The issue was quickly identified and solved, but the “residue” remained. Can these situations be avoided? Definitely! Establish cooperation between departments. We have already written about how to establish communication between an SEO agency and its client’s web developers. When a search engine optimization project is handled by an agency or an external expert, the communication is formalized in a contract and both parties understand their responsibilities.
Communications inside of a company are more complicated, since different companies have different cultures of communication, and processes are designed differently.
If the processes of communication are well established, great! But believe me, even in large companies, this is not always the case.
We’ve gathered a few tips that may help your teams.
Understanding the value of SEO
First, team leaders should discuss the value of SEO and explain to their teams how to link their goals to the overall goals of the company, so that the development department understands that marketers and SEO drive sales and bring success to the company and to them personally.
Reports to SEO before any modification is done
Make a rule: any changes to the site should pass through the SEO department; then no change will go unnoticed.
Also, the SEO department can create checklists which web developers can use to evaluate the criticality of changes to the site for SEO. This is the best solution if for some reason it is not possible to tightly coordinate processes between departments.
It will be useful to conduct a series of meetings, at which SEOs disclose the basic principles of search engine optimization and highlight the possible risks, and developers share their problems and “pains”. In a few such half-hour meetings, their relationship to each other’s problems will change dramatically.
However, this doesn’t necessarily have to be an official educational event, as normally teams are quite successful at building communication through a series of informal team meetings (“Why not grab some pizza on Friday afternoon?”).
Revision before release
SEO specialists should always check the developers’ completed tasks and evaluate them from the point of view of performance — ideally just before the release.
Dashboards on monitors in the kitchen, at the entrance to the office, or in the break room also allow employees to feel like part of a big team, not just part of their department. In this case, it’s especially helpful if the SEO department highlights on the charts how the site has performed better after developer implementations.
If the agreement fails: How to identify a negative impact on SEO?
No matter if SEO and web developers are friends (or not), there are many details involved in search engine optimization, and failures happen.
How do you know that a deterioration in SEO results is due to some changes on the site that the SEO specialist might not have known about?
It is important to record the name and date of implementation for each task which can potentially affect the dynamics of positions. For example, it can be done on the SEOWORK platform in the GA or marked on the Visibility dashboard with important SEO metrics.
If, after implementation, you start to observe deterioration in results, you need to look at when the task was implemented and check whether search engines took into account what was done, for example, whether the search index has changed, whether the saved copies of pages where edits were made have changed, etc.

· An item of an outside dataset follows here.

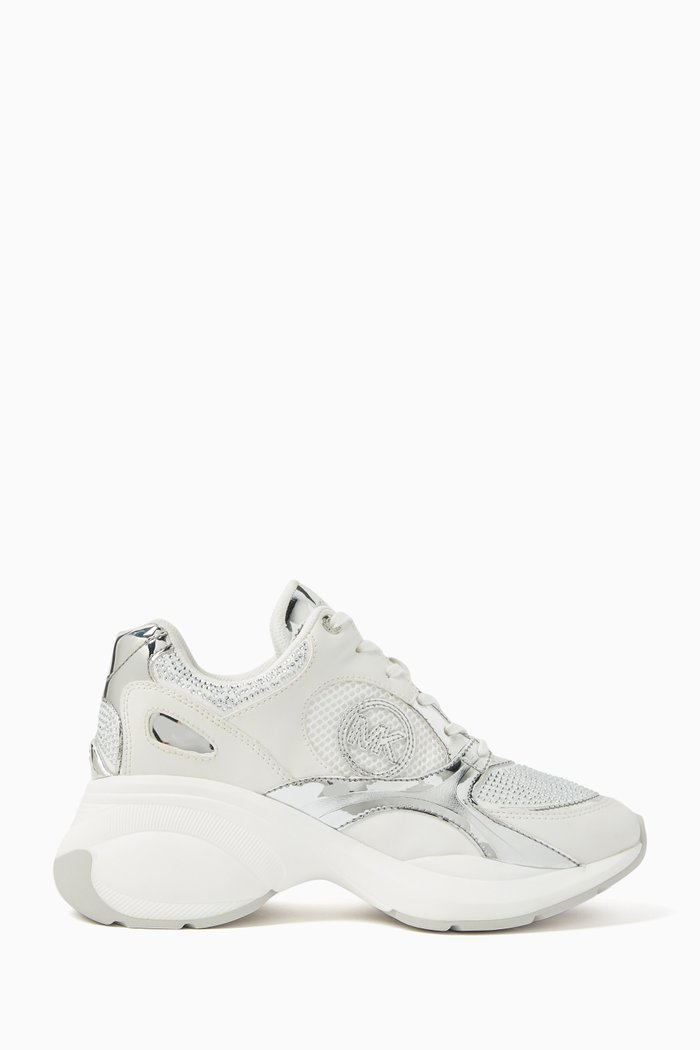 

Zuma Embellished Sneakers in Mesh & Leather, White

If the changes affected a certain category of pages or just a group of pages, then it is worth monitoring visibility metrics for that narrow segment and comparing the visibility dynamics by site/category with the visibility dynamics of the segment, whether it is knocked out or not.
Keep track of potentially “risky” changes (or better yet, all changes), monitor positions and traffic on a regular basis, and communicate with the web developers department.
If a fall in position has already occurred, but nothing “special” on the site has been implemented, then you need to watch and analyze the saved copies, web archive and logs, which can catch changes. Sometimes you even have to play the “find 10 differences” game, but here the important goal is to detect the problem.
It also helps to track whether non-target pages began to rank. If this is the case, it is worth checking why one page “popped” and “pushed down” the other. It is important to regularly check for 404 errors; for example, this can be daily monitoring of critical errors, or setting up automatic notifications to email if issues appear.